Fully quoted below. I welcome this. Fed up of putting content filters on the client side - these either don't work or they block out the most innocuous stuff. It's not up to me to do this, the providers should be doing it.

And what does that mean for Wikipedia? There will have to be some sort of get-out for genuinely and properly educational material, but as many of us have argued here, the educational content bit is very questionable (e.g. 'cream pies'). Will the Wikipedia administration have to argue on a case by case basis? Or will it be compelled to provide a blanket assurance about content, with adequate and provable quality control. Probably the latter.


QUOTE
[UK] Culture secretary Andy Burnham wants cinema-style age ratings for websites Aidan Jones guardian.co.uk, Saturday 27 December 2008 01.00 GMT Article history

Internet sites could be given government-approved age ratings to prevent children accessing inappropriate material, a cabinet minister has suggested, in a move that is likely to trigger fears over web censorship.

The culture secretary, Andy Burnham, says in an interview today that the government is considering the need for "child safe" websites – registered with cinema-style age warnings – to curb access to offensive or damaging online material.

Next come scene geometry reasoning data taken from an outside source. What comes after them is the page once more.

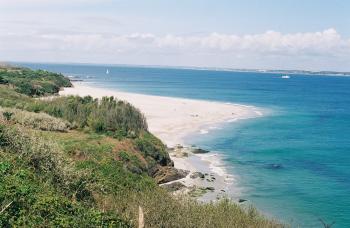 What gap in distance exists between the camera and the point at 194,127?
76.8 metres

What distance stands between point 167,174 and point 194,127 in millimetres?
35469

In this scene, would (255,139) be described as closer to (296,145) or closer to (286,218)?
(296,145)

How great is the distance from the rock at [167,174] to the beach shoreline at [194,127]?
0.64 meters

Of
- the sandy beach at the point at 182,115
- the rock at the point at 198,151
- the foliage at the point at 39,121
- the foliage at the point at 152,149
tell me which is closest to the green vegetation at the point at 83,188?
the foliage at the point at 39,121

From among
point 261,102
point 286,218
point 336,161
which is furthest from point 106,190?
point 261,102

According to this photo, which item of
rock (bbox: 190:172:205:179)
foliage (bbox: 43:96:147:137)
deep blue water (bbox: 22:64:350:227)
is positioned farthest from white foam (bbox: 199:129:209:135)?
rock (bbox: 190:172:205:179)

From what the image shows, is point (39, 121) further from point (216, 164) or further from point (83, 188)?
point (216, 164)

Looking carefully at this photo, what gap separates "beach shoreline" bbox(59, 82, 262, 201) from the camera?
4258 cm

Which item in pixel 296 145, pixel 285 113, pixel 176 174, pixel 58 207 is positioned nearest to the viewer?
pixel 58 207

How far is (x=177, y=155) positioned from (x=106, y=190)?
29.6 metres

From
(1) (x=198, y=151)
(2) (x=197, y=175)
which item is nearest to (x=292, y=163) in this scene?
(1) (x=198, y=151)

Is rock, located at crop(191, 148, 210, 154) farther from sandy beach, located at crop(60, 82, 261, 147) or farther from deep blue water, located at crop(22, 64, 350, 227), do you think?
sandy beach, located at crop(60, 82, 261, 147)

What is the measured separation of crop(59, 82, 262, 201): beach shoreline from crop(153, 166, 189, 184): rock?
2.09ft

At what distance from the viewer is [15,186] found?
55.0 feet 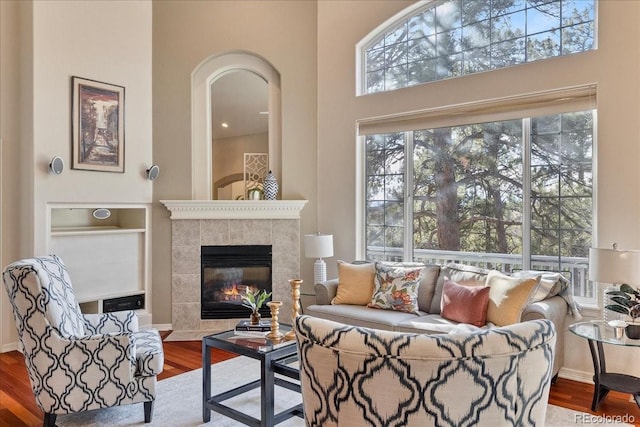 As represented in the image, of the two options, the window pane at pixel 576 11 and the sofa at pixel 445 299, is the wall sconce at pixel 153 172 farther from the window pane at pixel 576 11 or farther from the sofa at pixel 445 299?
the window pane at pixel 576 11

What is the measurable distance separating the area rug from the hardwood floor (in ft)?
0.51

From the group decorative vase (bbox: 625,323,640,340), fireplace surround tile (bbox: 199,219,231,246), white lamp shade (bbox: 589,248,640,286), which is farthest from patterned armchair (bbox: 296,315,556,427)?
fireplace surround tile (bbox: 199,219,231,246)

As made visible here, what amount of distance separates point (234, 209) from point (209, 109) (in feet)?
4.20

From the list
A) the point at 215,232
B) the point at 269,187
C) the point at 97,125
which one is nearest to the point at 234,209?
the point at 215,232

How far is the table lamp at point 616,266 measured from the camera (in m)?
3.04

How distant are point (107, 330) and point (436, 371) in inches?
110

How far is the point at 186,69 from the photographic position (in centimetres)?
529

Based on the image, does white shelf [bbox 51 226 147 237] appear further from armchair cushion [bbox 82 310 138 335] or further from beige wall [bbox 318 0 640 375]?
beige wall [bbox 318 0 640 375]

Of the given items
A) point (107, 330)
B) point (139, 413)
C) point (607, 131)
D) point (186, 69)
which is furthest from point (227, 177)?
point (607, 131)

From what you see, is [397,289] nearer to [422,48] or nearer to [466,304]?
[466,304]

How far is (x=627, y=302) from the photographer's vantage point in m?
2.98

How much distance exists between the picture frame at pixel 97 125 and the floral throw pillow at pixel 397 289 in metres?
3.04

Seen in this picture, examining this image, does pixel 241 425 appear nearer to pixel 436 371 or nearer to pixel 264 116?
pixel 436 371

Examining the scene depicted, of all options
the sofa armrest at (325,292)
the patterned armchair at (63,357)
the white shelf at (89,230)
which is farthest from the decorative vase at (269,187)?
the patterned armchair at (63,357) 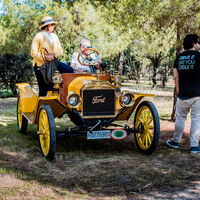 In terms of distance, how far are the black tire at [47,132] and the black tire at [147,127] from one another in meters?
1.45

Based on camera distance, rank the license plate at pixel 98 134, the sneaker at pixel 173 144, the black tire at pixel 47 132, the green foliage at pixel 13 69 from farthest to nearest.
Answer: the green foliage at pixel 13 69, the sneaker at pixel 173 144, the license plate at pixel 98 134, the black tire at pixel 47 132

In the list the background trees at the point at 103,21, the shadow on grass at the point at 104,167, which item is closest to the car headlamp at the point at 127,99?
the shadow on grass at the point at 104,167

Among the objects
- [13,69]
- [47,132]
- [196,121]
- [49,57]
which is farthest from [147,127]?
[13,69]

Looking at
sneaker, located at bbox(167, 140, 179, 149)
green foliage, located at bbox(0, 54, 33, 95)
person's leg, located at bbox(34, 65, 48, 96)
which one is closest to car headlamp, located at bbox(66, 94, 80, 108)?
person's leg, located at bbox(34, 65, 48, 96)

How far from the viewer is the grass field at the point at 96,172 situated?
11.1 ft

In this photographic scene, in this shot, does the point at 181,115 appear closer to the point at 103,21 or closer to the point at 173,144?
the point at 173,144

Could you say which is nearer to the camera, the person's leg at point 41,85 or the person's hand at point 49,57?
the person's hand at point 49,57

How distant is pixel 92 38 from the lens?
12.7 metres

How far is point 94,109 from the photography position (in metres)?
4.98

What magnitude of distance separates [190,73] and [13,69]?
12235 millimetres

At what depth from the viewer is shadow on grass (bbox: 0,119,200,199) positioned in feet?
11.8

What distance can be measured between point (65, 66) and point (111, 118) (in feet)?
4.45

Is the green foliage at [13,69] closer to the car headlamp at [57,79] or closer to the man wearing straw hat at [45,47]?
the man wearing straw hat at [45,47]

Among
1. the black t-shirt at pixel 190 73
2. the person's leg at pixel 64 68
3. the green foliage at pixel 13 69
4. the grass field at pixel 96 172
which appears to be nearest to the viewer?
the grass field at pixel 96 172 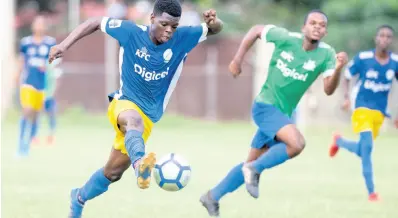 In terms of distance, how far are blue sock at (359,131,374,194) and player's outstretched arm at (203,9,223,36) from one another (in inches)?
145

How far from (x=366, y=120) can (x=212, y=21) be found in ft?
13.8

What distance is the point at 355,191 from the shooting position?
41.0ft

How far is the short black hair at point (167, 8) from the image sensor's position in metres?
8.15

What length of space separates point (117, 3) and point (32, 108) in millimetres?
14575

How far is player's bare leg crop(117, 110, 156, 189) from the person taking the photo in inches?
287

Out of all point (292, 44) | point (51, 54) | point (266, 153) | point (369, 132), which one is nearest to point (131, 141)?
point (51, 54)

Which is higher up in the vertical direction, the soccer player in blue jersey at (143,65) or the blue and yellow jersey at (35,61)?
the blue and yellow jersey at (35,61)

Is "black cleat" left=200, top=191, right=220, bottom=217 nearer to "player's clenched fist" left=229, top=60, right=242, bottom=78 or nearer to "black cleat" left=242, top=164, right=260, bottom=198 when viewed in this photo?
"black cleat" left=242, top=164, right=260, bottom=198

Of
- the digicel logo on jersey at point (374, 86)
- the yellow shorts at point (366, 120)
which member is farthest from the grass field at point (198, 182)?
the digicel logo on jersey at point (374, 86)

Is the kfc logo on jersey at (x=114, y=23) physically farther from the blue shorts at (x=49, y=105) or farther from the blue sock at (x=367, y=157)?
the blue shorts at (x=49, y=105)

He plans to approach US president-elect Barack Obama's incoming administration with proposals for tight international rules on English language websites, which may include forcing internet service providers, such as BT, Tiscali, Sky and AOL, to ­provide packages restricting access to websites without an age rating.

"There is content that should just not be available to be viewed. That's my view. Absolutely categorical," Burnham, the MP for Leigh in Greater Manchester, told the Daily Telegraph. "If you look back at the people who created the internet, they talked very deliberately about creating a space that governments couldn't reach. I think we are having to revisit that stuff seriously now."

Other safeguards mooted by Burnham include compelling websites such as YouTube and Facebook to remove offensive material within a specified time after they have been alerted to it, and changing Britain's libel laws to make it cheaper for people to sue publishers if they have been defamed online. Internet providers will be urged to adopt the proposals in the new year, but if that failed to work, Burnham said the proposals might have to be enshrined in law.

Burnham, a father of three, insisted his proposals were not intended as an attack on freedom of speech, but were a necessary counterweight to the proliferation of "unacceptable" material on the internet in a similar mould to the 9pm watershed on television. "It worries me – like anybody with children. Leaving your child for two hours unregulated on the internet is not something you can do. The internet has been empowering and democratising in many ways, but we haven't yet got the stakes in the ground to help people navigate their way safely around what can be a very, very complex and quite dangerous world," he added.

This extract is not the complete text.